My posts later in the week seem to have a theme of me rambling, so we will continue on that bandwagon.

Even though I did not travel far to study abroad in a super exotic location, it is still a different country and a significant change from where I was at for over a year, even before that. I’ve been told it’s a brave decision, an exciting adventure.

But here I am, feeling everything but brave or exciting. Although I wanted to make these months focused on me as a long-term tourist, I’m still at college. It’s a school-type environment that I’ve been incorporated in within some capacity basically my whole life. I know how I handle these situations. I can’t avoid the fact I live in a dorm and am going to classes and am surrounded by other students my age, and I can’t avoid the fact this is a small-enough college that people are very well established in who they consider close friends. I’m somehow behind on a game that I wasn’t planning on participating in until last year, deciding to study abroad.

It didn’t fully register to me until classes began that this is just like any other school. You see most kids, especially in college, always talking and socializing, doing things together and going out to parties and all the stereotypical activities I expect from college. It’s a concept that really bombarded me freshman year. The feeling that I wasn’t “doing college right.” I don’t like going to parties. I’m rarely spontaneous. I like going to bed early. Social situations in general make me very anxious. My anxiety has definitely improved from where it has been, but it’s always there. Unless I’m around the right people, I can consciously sense how awkward I feel and how others feel when I can’t carry on a random bit of small talk and it turns into silence.

At my home campus, it solidly took me the entire first year there to finally find my place and feel comfortable and be myself. Here, I have just over three months. I have spent far too much time panicking about missing a theoretical opportunity, that nobody here likes me and I’m just…existing. I even end up questioning people back home, that people don’t care about or remember me, that my habit for pushing people away when I’m especially anxious or depressed has resulted in me being entirely alone.

Written out, I know that isn’t true, but from a young age, I have judged myself harshly on my social abilities because I never felt like I was doing enough. I get worked up over racing thoughts about needing more friends or I’m not a good enough friend to have friends or I should feel really guilty for preferring solitude most of the time and that isn’t healthy and I need to do more.

Yes, I’ve already met super nice people here in my classes, and I’m very proud of myself for being so much more open in general with my personality, I can’t force myself into a nervous wreck over a problem I’m creating myself. Nobody is outright yelling at me that I should have way more friends and go out more often than I do except me, using some nonexistent, harsh scale of purpose and worth.

While would it be cool if I stumbled across a close friendship I’ll keep beyond these few months? Absolutely. But that’s not the reason why I decided to do this. I wanted to travel. I wanted to explore somewhere new, learn more about the world, others, and myself. It’s good to make some sort of connections and just be a friendly person to everybody, but if you’re happy with yourself and your life, that’s what matters.

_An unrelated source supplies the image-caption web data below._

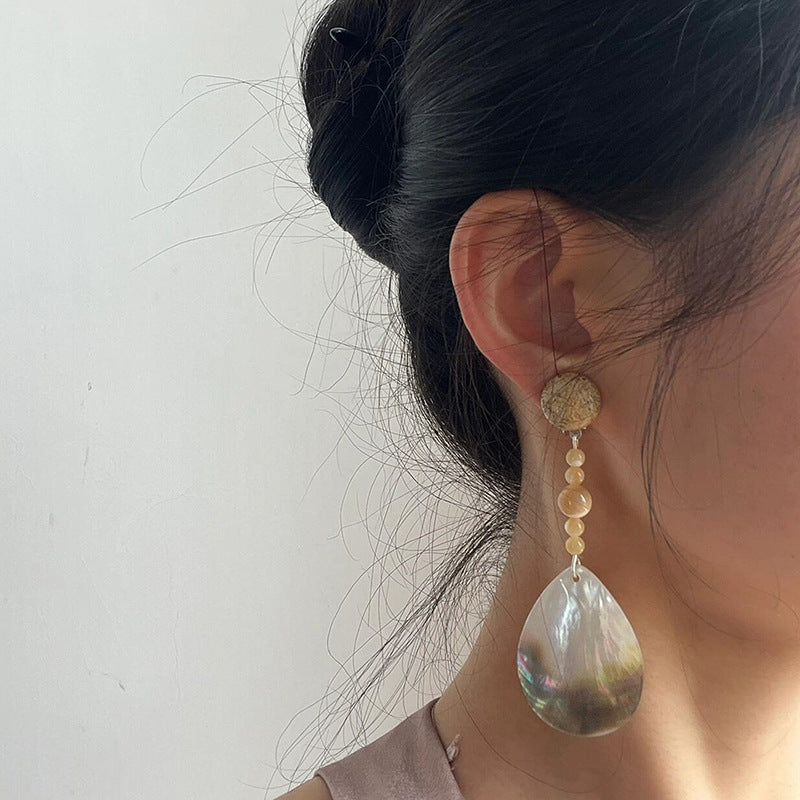 Elegant shell drop earrings for self care featuring iridescent design and delicate detailing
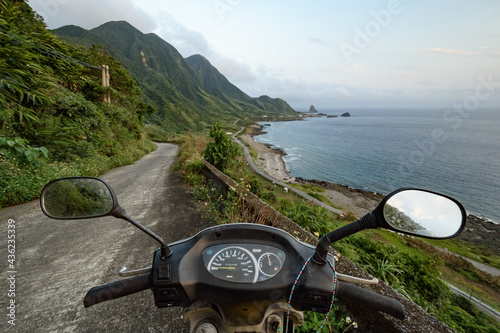 View of the island of Lanyu rugged coast over motorcycle handlebars. Taiwan's offshore islands travelling. photo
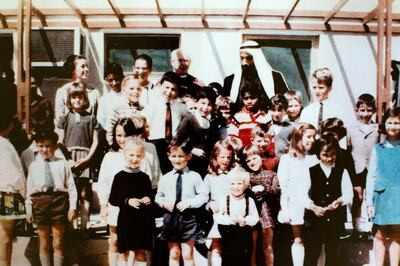 Sheikh Zayed pictured with pupils at the school's original campus near the Corniche in 1968. Courtesy BSAK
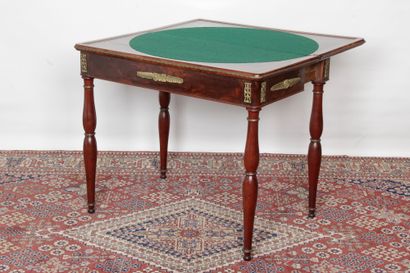 null A Louis Philippe period game table with a mahogany wallet top, mahogany veneer...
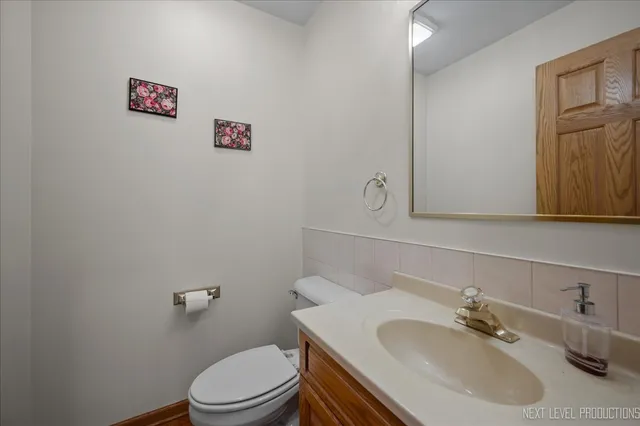 a bathroom with a sink vanity mirror and toilet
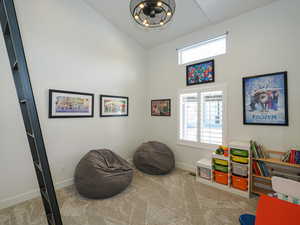 Living area featuring carpet floors, a healthy amount of sunlight, vaulted ceiling, and a notable chandelier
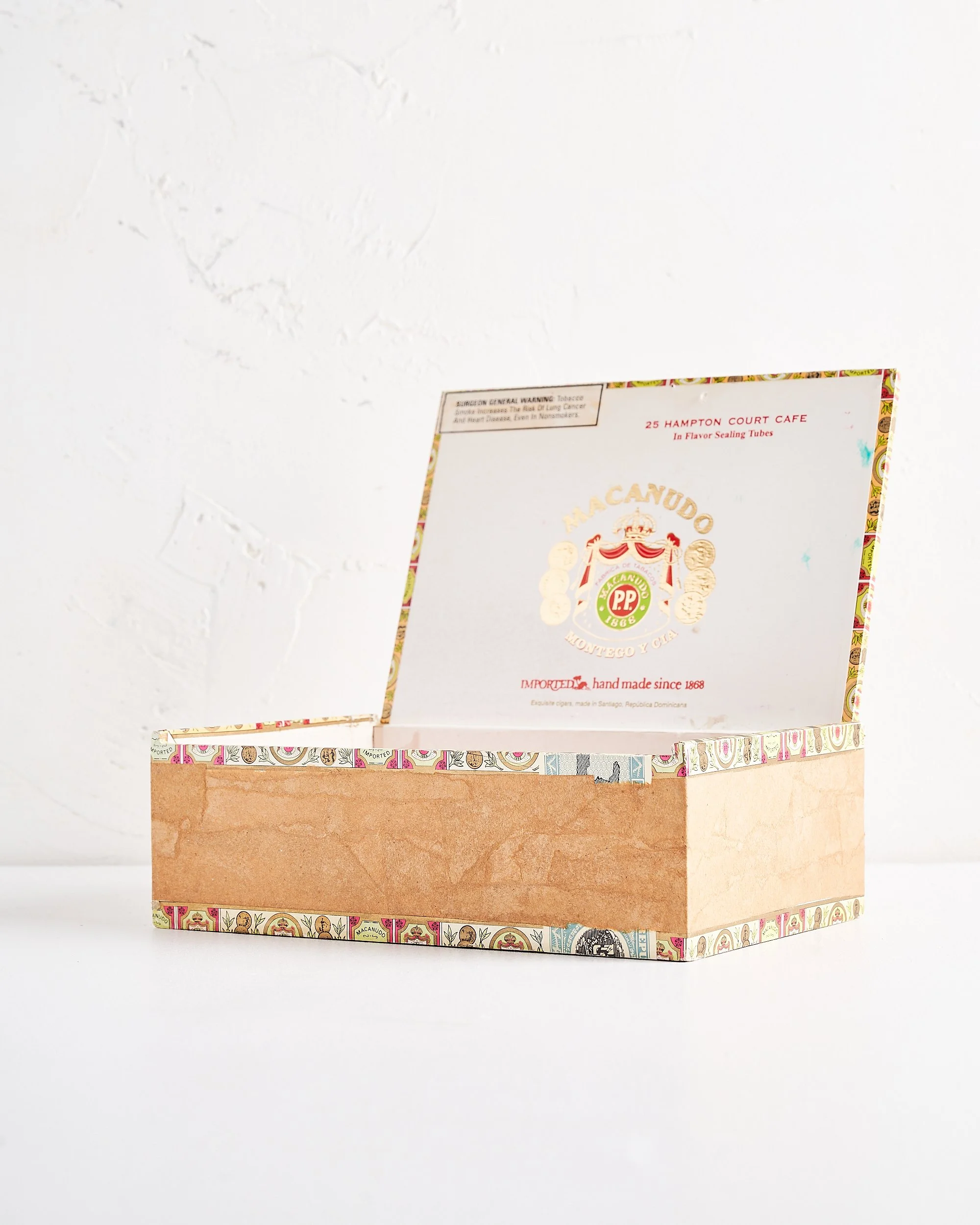 An open rectangular cigar box with a plain brown paper exterior and colorful decorative border on top, placed on a white surface against a textured white wall.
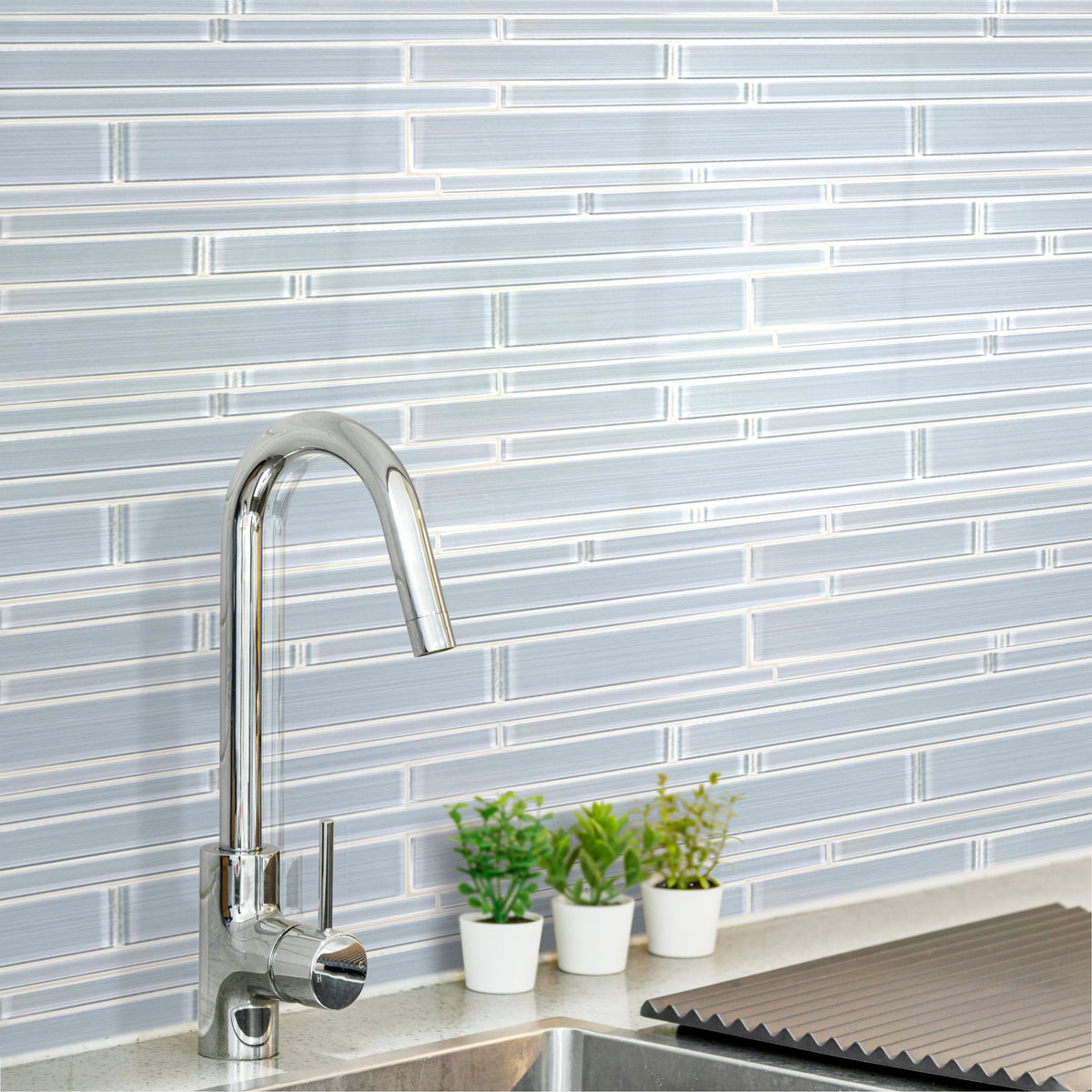 Contemporary kitchen wall featuring Ice Denim 6x18 glass mosaic tiles – mixed glass strips creating a sleek, cool look.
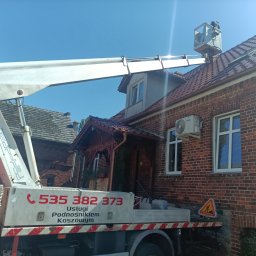 Przedsiębiorstwo handlowo usługowe Mariola Dyba - Pracownik w koszu podnośnika koszowego na dachu ceglanego domu podczas inspekcji. Widoczny fragment podnośnika z numerem telefonu i znak ostrzegawczy.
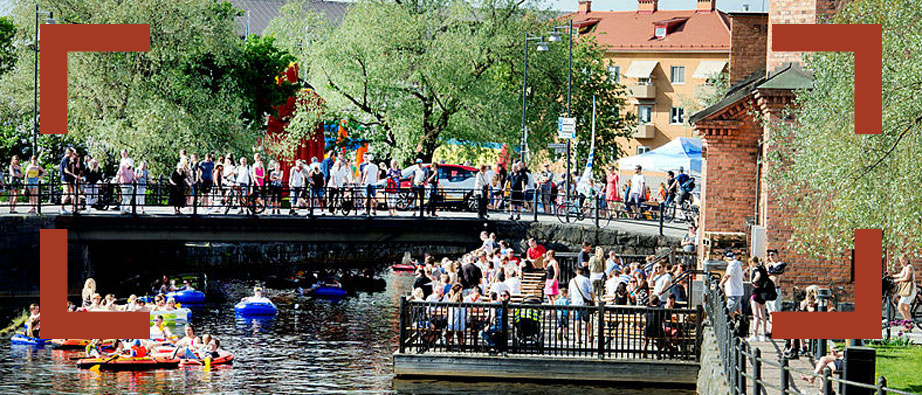 Människor på bro som tittar ner på gummibåtar i ån
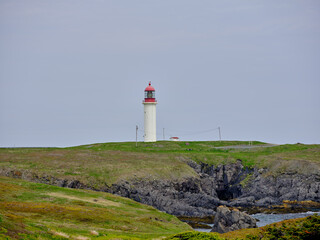 Fototapeta na wymiar The Cape Race Lighthouse on the rocky and desolate coast of Canadas most easterly point on the island of newfoundland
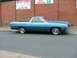 1970 Ford Ranchero - Side view of a blue 1970 Ford Ranchero parked on a street in front of a brick building with an auto service sign.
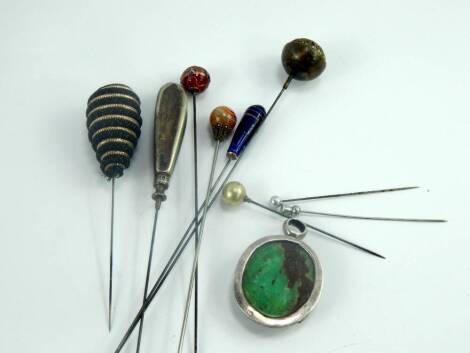 Victorian and later hat pins, including one set with an agate ball and two set with glass, together with a jade set white metal pendant, (10).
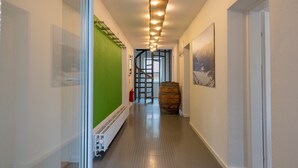 Een hal met een groene wand, een houten vat en een wenteltrap op de achtergrond.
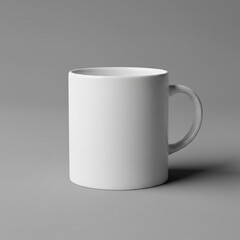 Fototapeta premium A simple white ceramic mug is placed on a flat surface, photographed against a plain background. The mug has a clean, minimal design with a rounded handle on the right side.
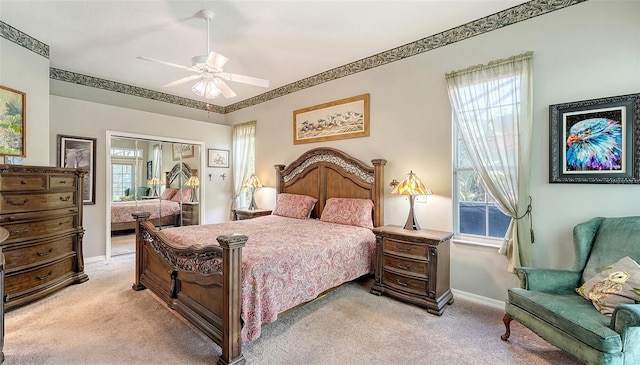4612 4th Ave E, Bradenton, FL 34208 - bedroom with light carpet, baseboards, ceiling fan, and a closet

I have some amazing people in my life. The friendships I hold dearest are ones that took years to develop. I admire people who are buzzing with many great friendships and can make friends with virtually anybody, I need to remember that I don’t have to be that way. I can be myself, someone who is kind and a tad awkward and friendly to others, but who believes in quality over quantity. I would much rather have one best friend who genuinely loves and cares about me, than have tons of people around me and an active social life that doesn’t fulfill me.

In reality, I want to really take this time for myself. This is a time I can be a little selfish, go on my own time to discover new places and learn how to love myself more and appreciate my life and the people I do have, not the theoretical people I’m “supposed” to have. I’m already outside of my comfort zone from my normal location and routine. I want to challenge myself but still take care of myself.

And what’s wrong with just exploring places alone? (Note: there is a very distinct difference between “solitude” and “isolation.” I know both well; the former is my preference.) I tote being independent, but here’s my chance to put words to actions. It’s only been two weeks, and I’ve already had an amazing time going on nature walks and taking in the beautiful campus and quaint downtown area. I’m not about to hold myself back if everyone else is out doing something else. I have trouble distinguishing between cultivating a meaningful relationship and trying to keep or build a connection just to say I did. This is the perfect opportunity to embrace the difference.

Before I go, I just want to add a HUGE thank you to every single person out there who holds me dear, who wishes me best, who cares about me and everything I am. You mean the world to me. Life gets busy, I get anxious, and I can horrible at keeping up with conversations, but know that I love you and am blessed beyond words.